Negligence, for the purpose of section 6653, is defined as "lack of due care or failure to do what a reasonable and ordinarily prudent person would do under the circumstances." Neely v. Commissioner [Dec. 42,540], 85 T.C. 934, 947 (1985) (quoting Marcello v. Commissioner [67-2 USTC ╤ 9516], 380 F.2d 499, 506 (5th Cir. 1967), affg. in part and remanding in part [Dec. 27,043] 43 T.C. 168 (1964)). The Commissioner's determination of negligence is presumed correct, and the taxpayer has the burden of proving that it is erroneous. Rule 142(a); Luman v. Commissioner, supra at 860-861.
Petitioners in the instant case have not met this burden. Petitioners proffered no evidence to indicate that their failure to substantiate the deductions claimed was not negligent.
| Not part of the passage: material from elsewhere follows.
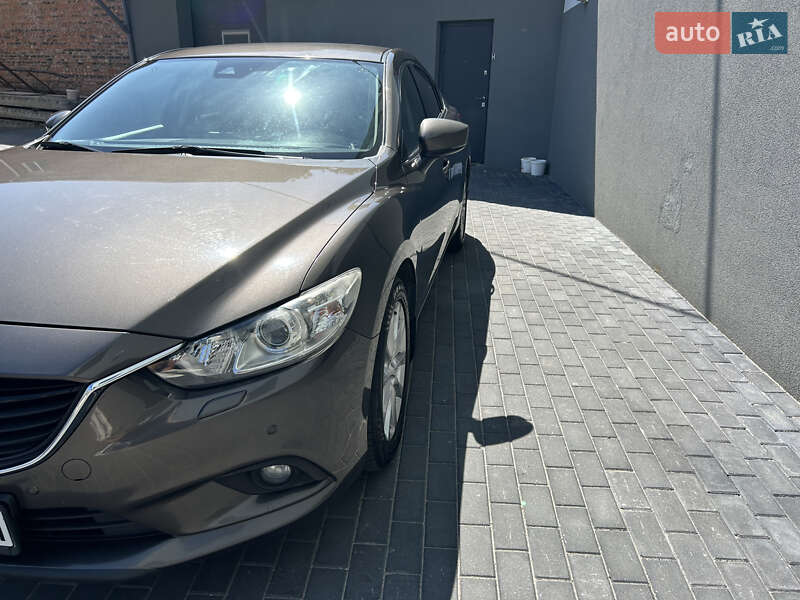 Седан Mazda 6 2016 в Хмельницькому фото 23 Седан Mazda 6 2016 в Хмельницькому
Moreover, we conclude that claiming these deductions without proper substantiation was conduct that failed to comport with the actions of a reasonable and ordinarily prudent person under similar circumstances. Thus, we hold that petitioners are liable for an addition to tax for negligence pursuant to section 6653(a)(1)(A).
Issue 4. Substantial Understatement of Tax
Respondent determined that petitioners are liable for additions to tax due to a substantial understatement of their tax liability pursuant to section 6661(a). Section 6661(a) imposes an addition to tax equal to 25 percent of any underpayment attributable to a substantial understatement of income tax.
Generally, an understatement exists when the amount of tax shown on a taxpayer's return is less than the amount required to be shown on that return. Sec. 6661(b)(2)(A). For individuals, an understatement is substantial if it exceeds the greater of $5,000 or 10 percent of the amount required to be shown on the taxpayer's return. Sec. 6661(b)(1)(A). The amount of the understatement is reduced by items with respect to which the taxpayer had substantial authority for his or her position, or for which relevant facts affecting tax treatment were adequately disclosed. Sec. 6661(b)(2)(B).
Petitioners proffered no evidence showing that they had substantial authority for their position, and they did not adequately disclose their tax treatment of their unsubstantiated deductions. Accordingly, if, after the Rule 155 computation, there is a substantial understatement of petitioners' income tax within the meaning of section 6661(b)(1)(A), respondent's determination under section 6661(a) will be sustained.
To reflect the foregoing,
Decision will be entered under Rule 155.